Optimize the main loop in mat_mul_native_quantized_mmul_nt_nt

Switch the loop unrolling order and reuse the pre-computed vectors

Signed-off-by: Gunes Bayir <gunes.bayir@arm.com>
Change-Id: I636c0530d6b21dae4dbb371c57d18b1f7c7246a8
Reviewed-on: https://review.mlplatform.org/c/ml/ComputeLibrary/+/10355
Benchmark: Arm Jenkins <bsgcomp@arm.com>
Tested-by: Arm Jenkins <bsgcomp@arm.com>
Reviewed-by: Gian Marco Iodice <gianmarco.iodice@arm.com>
Comments-Addressed: Arm Jenkins <bsgcomp@arm.com>
diff --git a/src/core/CL/cl_kernels/common/mat_mul_quantized_mmul.cl b/src/core/CL/cl_kernels/common/mat_mul_quantized_mmul.cl
index 9123e5b..5b29a31 100644
--- a/src/core/CL/cl_kernels/common/mat_mul_quantized_mmul.cl
+++ b/src/core/CL/cl_kernels/common/mat_mul_quantized_mmul.cl
@@ -269,14 +269,21 @@
         T_LOAD(DATA_TYPE, M0, K0, BUFFER, lhs, 0, 0, 1, lhs_stride_y, a);
         T_LOAD(DATA_TYPE, K0, N0, BUFFER, rhs, 0, 0, 1, rhs_stride_y, b);
 
-        LOOP_UNROLLING(int, m0, 0, 1, M0,
+        LOOP_UNROLLING(int, n0, 0, 1, N0,
         {
-            LOOP_UNROLLING(int, n0, 0, 1, N0,
+            VEC_DATA_TYPE(DATA_TYPE, K0)

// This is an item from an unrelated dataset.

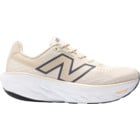 New Balance FRESHFOAM X 1080v14 LÖPARSKOR Beige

+            vec_b = (VEC_DATA_TYPE(DATA_TYPE, K0))(b[0].s[n0], b[1].s[n0], b[2].s[n0], b[3].s[n0]);
+
+            LOOP_UNROLLING(int, m0, 0, 1, M0,
             {
-                VEC_DATA_TYPE(DATA_TYPE, K0)
-                vec_b       = (VEC_DATA_TYPE(DATA_TYPE, K0))(b[0].s[n0], b[1].s[n0], b[2].s[n0], b[3].s[n0]);
                 c[m0].s[n0] = arm_matrix_multiply(a[m0].v, vec_b, c[m0].s[n0]);
             })
+
+#if LHS_OFFSET != 0
+            // Column Sum of B: Calculate the sum of columns by multiplying B
+            // with a matrix of 1's from Left
+            b_sum[0].s[n0] = arm_matrix_multiply(vec_1, vec_b, b_sum[0].s[n0]);
+#endif // LHS_OFFSET != 0s
         })
 
 #if RHS_OFFSET != 0
@@ -288,17 +295,6 @@
         })
 #endif // RHS_OFFSET != 0
 
-#if LHS_OFFSET != 0
-        // Column Sum of B: Calculate the sum of columns by multiplying B
-        // with a matrix of 1's from Left
-        LOOP_UNROLLING(int, n0, 0, 1, N0,
-        {
-            VEC_DATA_TYPE(DATA_TYPE, K0)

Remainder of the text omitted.